__Given information__:

┌──

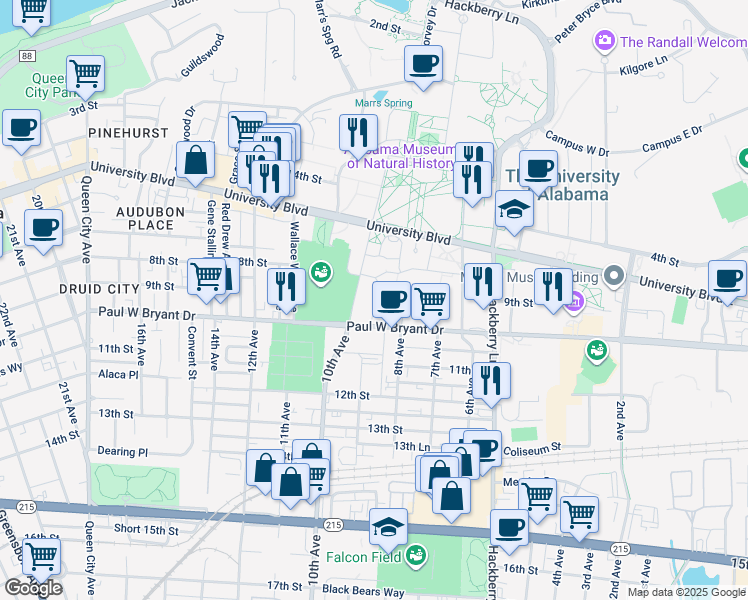 map of restaurants, bars, coffee shops, grocery stores, and more near in Tuscaloosa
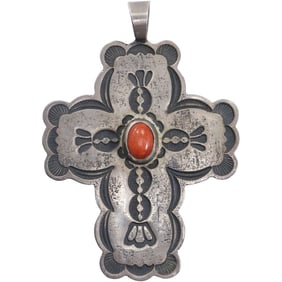 Sterling Silver DON LUCAS Red Turquoise Cross Pendant 2 1/4 in. x 1 5/8 in.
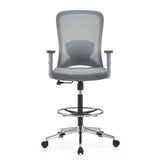 Grå Bardiskstol Top Work 44 W med nätrygg, fotring och femhjulig fotkorsbas från hjh OFFICE – 360-gradersvy (framifrån 0°)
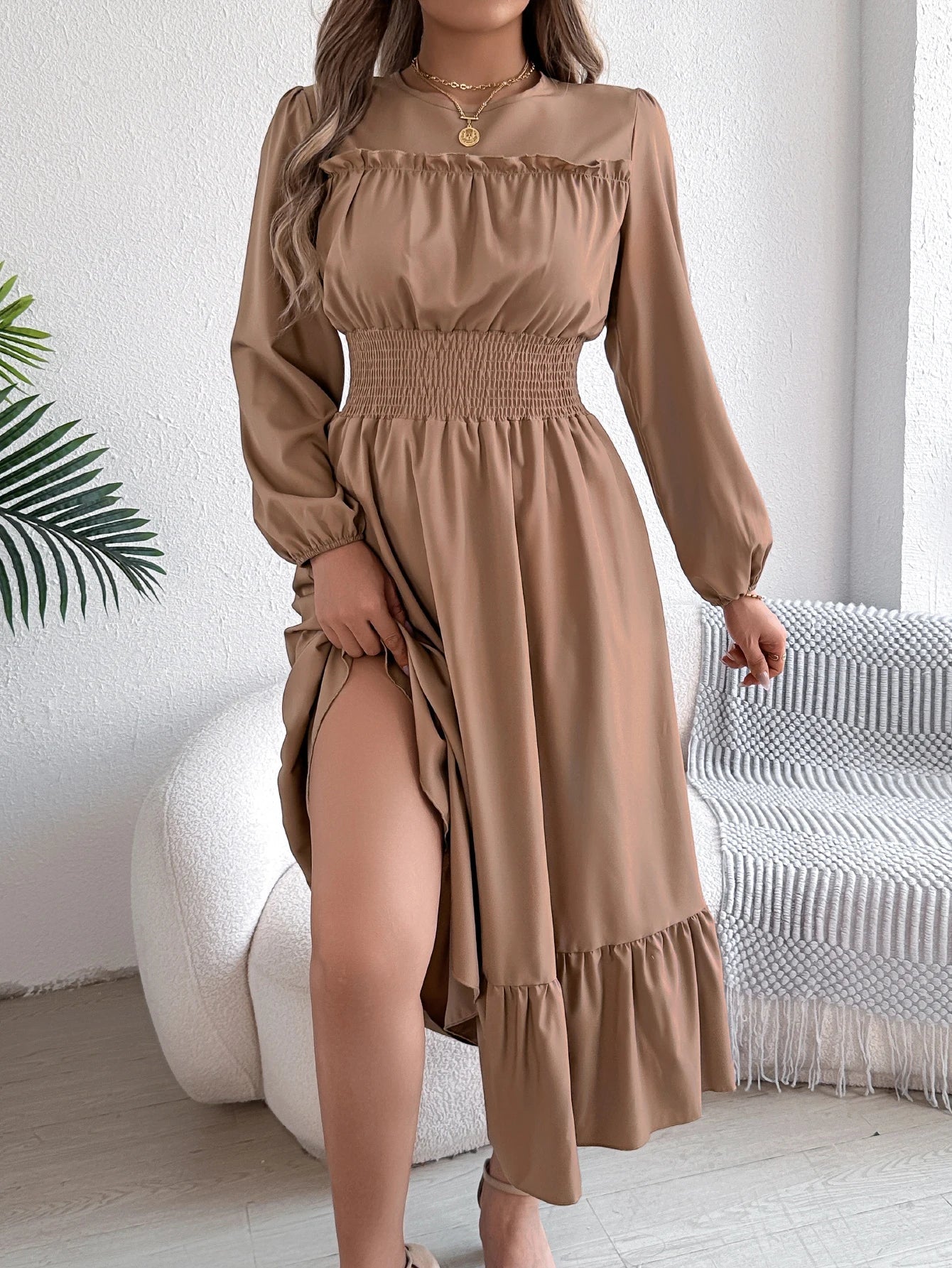 Elegant Autumn and Winter Long Sleeve Dress with Solid Color Round Neck and Waist Cinched Lotus Leaf Edge Design for Women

└──

__Problem statement__:
Please repeat all of the data exactly as it stands, leaving the pictures out.

__Reply__:
 map of restaurants, bars, coffee shops, grocery stores, and more near in Tuscaloosa
 Sterling Silver DON LUCAS Red Turquoise Cross Pendant 2 1/4 in. x 1 5/8 in.
 Grå Bardiskstol Top Work 44 W med nätrygg, fotring och femhjulig fotkorsbas från hjh OFFICE – 360-gradersvy (framifrån 0°)
 Elegant Autumn and Winter Long Sleeve Dress with Solid Color Round Neck and Waist Cinched Lotus Leaf Edge Design for Women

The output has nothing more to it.